YOUR GOAL —
Retype the material that follows exactly, limited to the lines from the one with "秋游西湖作文1000字" through the one with "Tulum Guided Tour", and keep out all pictures.

:: AVAILABLE DATA

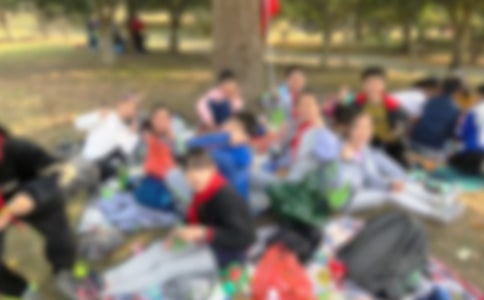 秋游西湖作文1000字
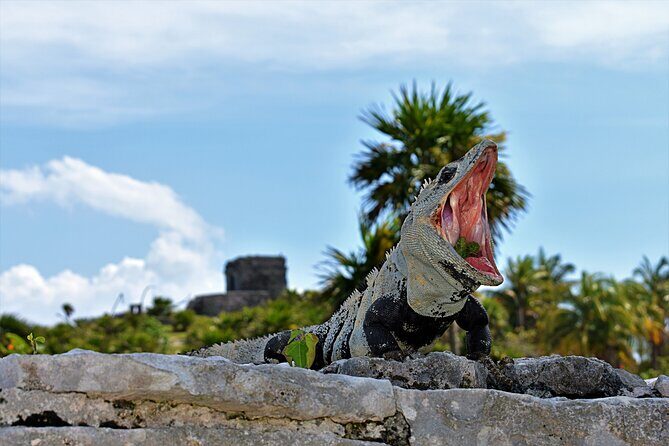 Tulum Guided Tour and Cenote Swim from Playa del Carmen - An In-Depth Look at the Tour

::::
:: AVAILABLE DATA

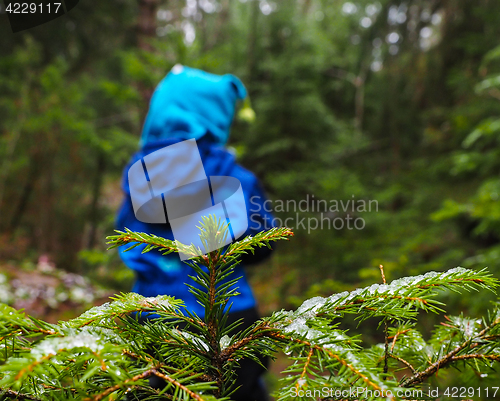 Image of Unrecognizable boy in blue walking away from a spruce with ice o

::::
:: AVAILABLE DATA

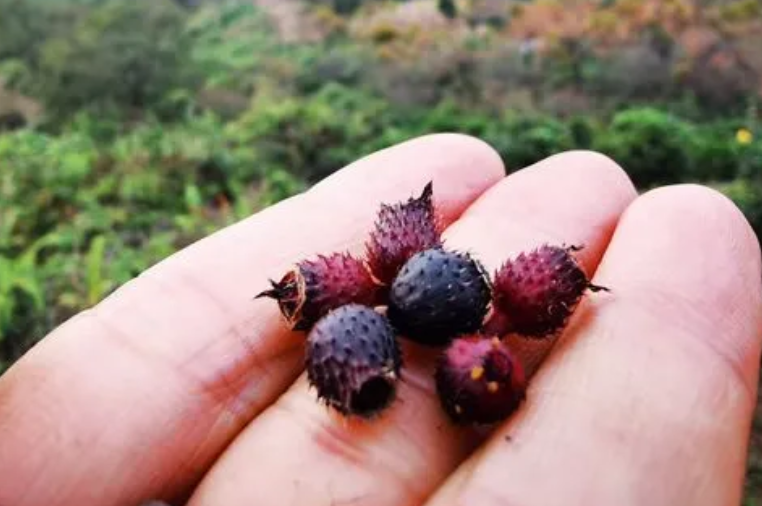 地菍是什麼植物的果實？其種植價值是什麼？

::::

RESPONSE TO THE TASK —
 秋游西湖作文1000字
 Tulum Guided Tour and Cenote Swim from Playa del Carmen - An In-Depth Look at the Tour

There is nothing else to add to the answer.